I hear this one a lot from everyone’s clients. The fact is your trainer can count to 10 better than most people. We count reps so much that we sometimes count things while we dream at night. We constantly are counting; sometimes up, sometimes counting down just to switch it up. If you catch us not counting, it’s usually because we were paying attention to something much more important, like your form or trying to see how far you had to go before you hit failure on an exercise. One caveat… if we really involved with talking to you (swapping stories) while you rep out your exercise, we probably weren’t counting and it’s both our guesses what rep we are on.
How many reps should I do anyhow?
I really avoid using a rep count as much as possible with my clients. That’s because I want my clients to focus on going to failure for most of their working sets. Whether they fail (meaning that they simply cannot do another rep with good form) at 6 reps or 9 reps, I’m not really counting. The important thing is that my clients’ muscles and nervous systems are pushed as hard as they can go at some point during our program.
But I don’t like going to failure. It hurts!

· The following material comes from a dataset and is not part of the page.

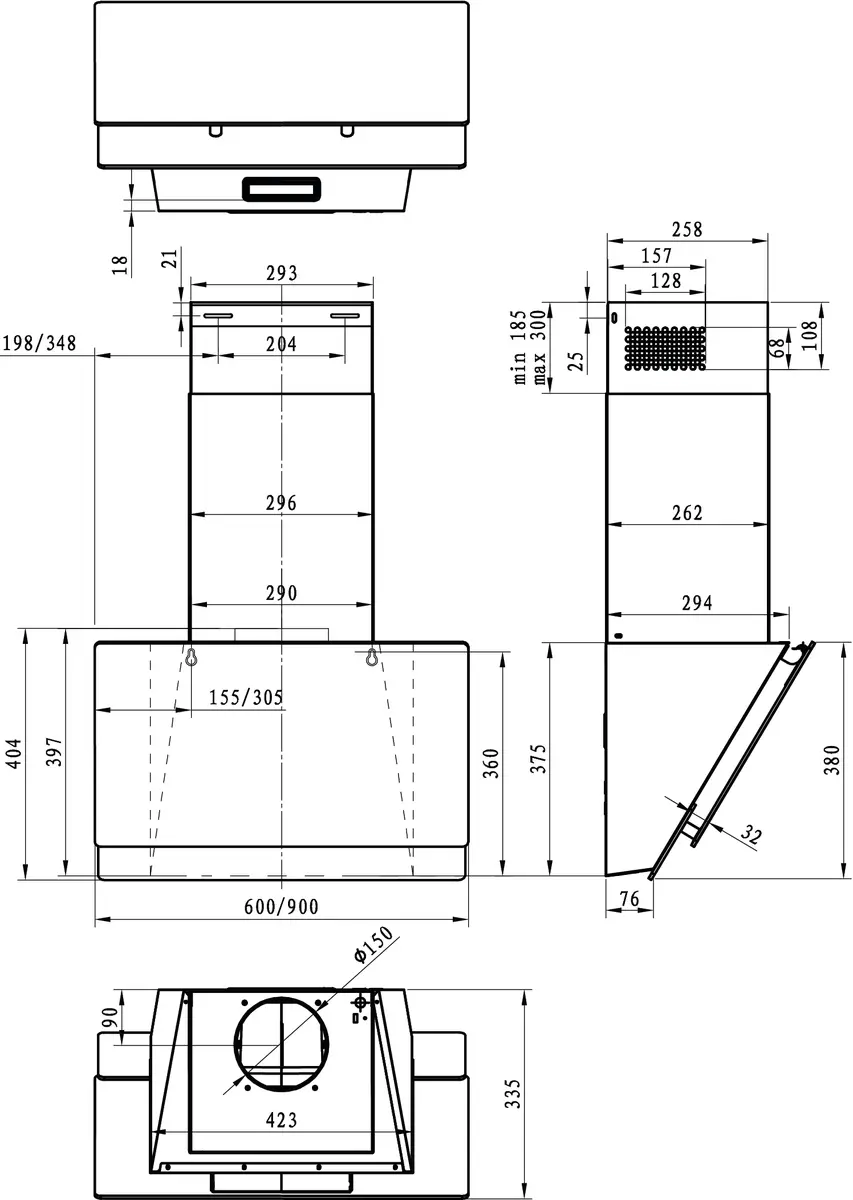 Gorenje WHI649EXBG Sienas Tvaika Nosūcējs Sudraba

Yes, yes it does. A healthy body doesn’t respond to being asked nicely (working through injuries are a whole different matter). Your body needs to be pushed to its limits and sometimes beyond. A smart and experienced trainer will watch you carefully to ensure that you stay safe while you explore your limits. Your physiology is made to adapt when it is pushed to its extremes. It has no reason to adapt if you simply walk your body through mediocre stresses.

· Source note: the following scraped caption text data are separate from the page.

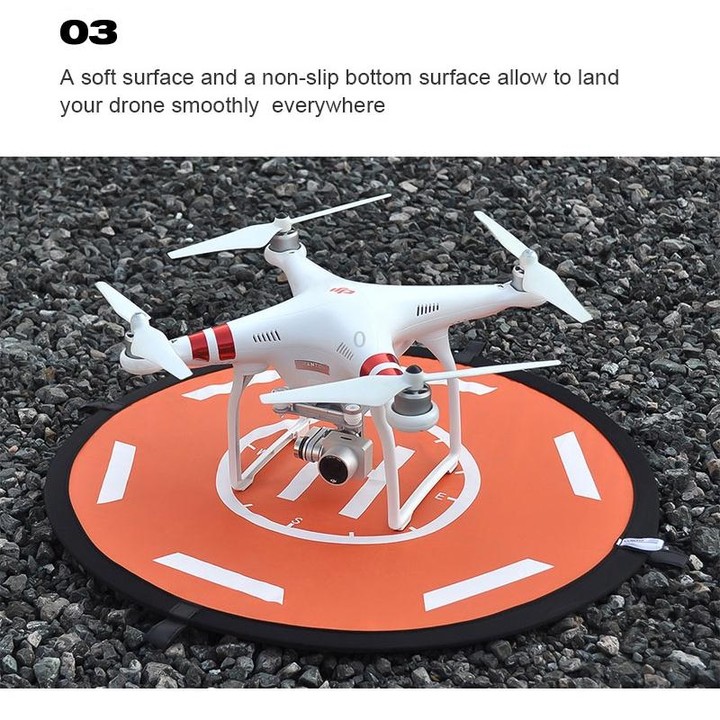 STARTRC RC Drone Quadcopter Portable Parking Apron Fast-fold Landing Parking Pad for DJI Mavic Mini / Mavic Air 2, Diameter: 56c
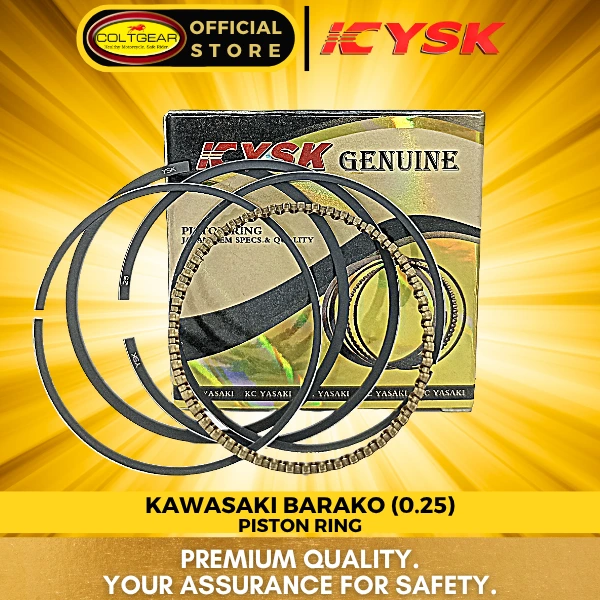 PISTON RING BARAKO YSK 0.25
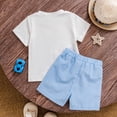 thumbnail image 5 of Soepste Toddler Boy Clothes 3T Boys Clothes Toddler Baby Boys Clothes Set Short Sleeve T-Shirt And Shorts Summer 2 Pcs Outfit, 5 of 5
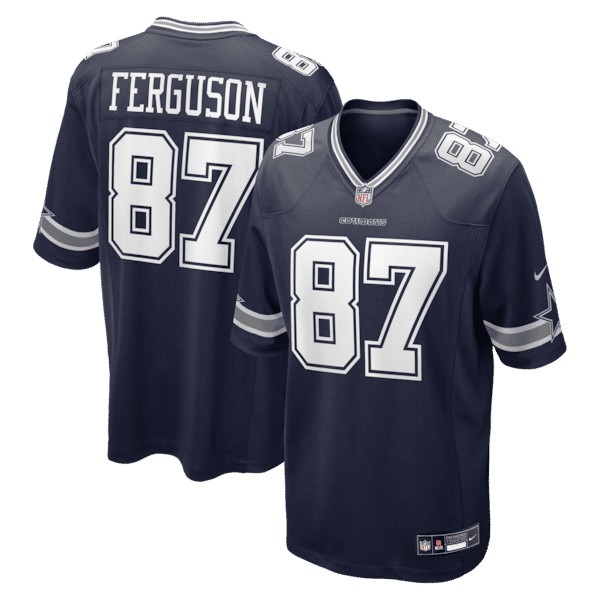Jake Ferguson Team Game Jersey Navy 2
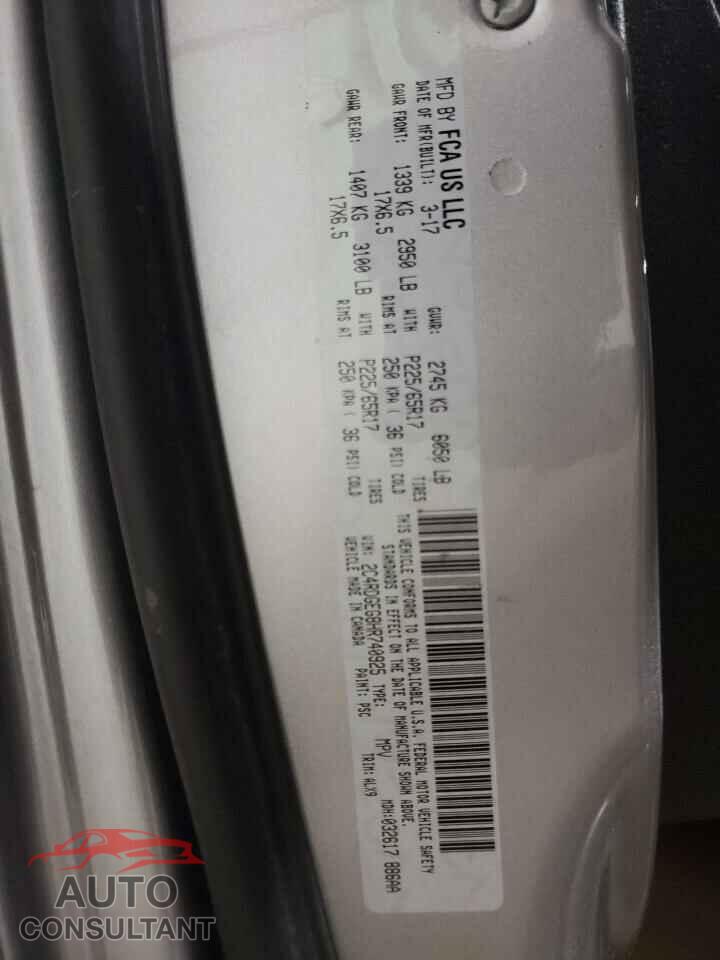 DODGE GRAND CARA 2017 - 2C4RDGEG8HR740925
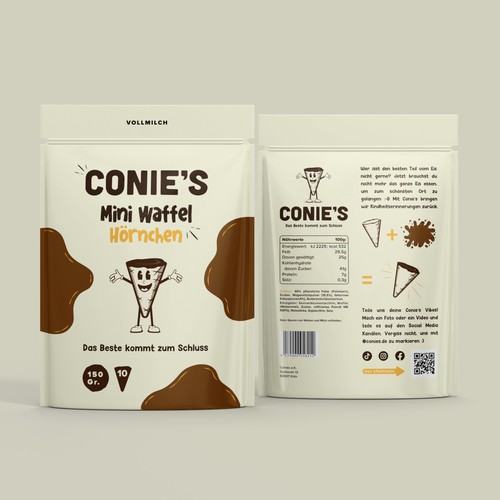 Chocolate design with the title 'Conies'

Is it better to do many exercises in my program circuit style, or just focus on a few exercises for high numbers of sets done to failure?
A well designed program will have some days that are designed to use moderate weights, low rest, and lots of variety to get all your bodies’ muscles to fire and fatigue. Think some Cross-fit, HIIT, and circuit training. This kind of work is essential for building your cardiovascular capacity, expanding your lactic threshold, and refining the shape of the muscles that you work so hard to build. There should also be days where you simply focus on one or two exercises. These should be done with a focus on moving heavy weight for few reps. The idea is to give the body an entirely different stimulation. Lifting heavy weight generally is about building muscle. Circuit training is about refining muscle.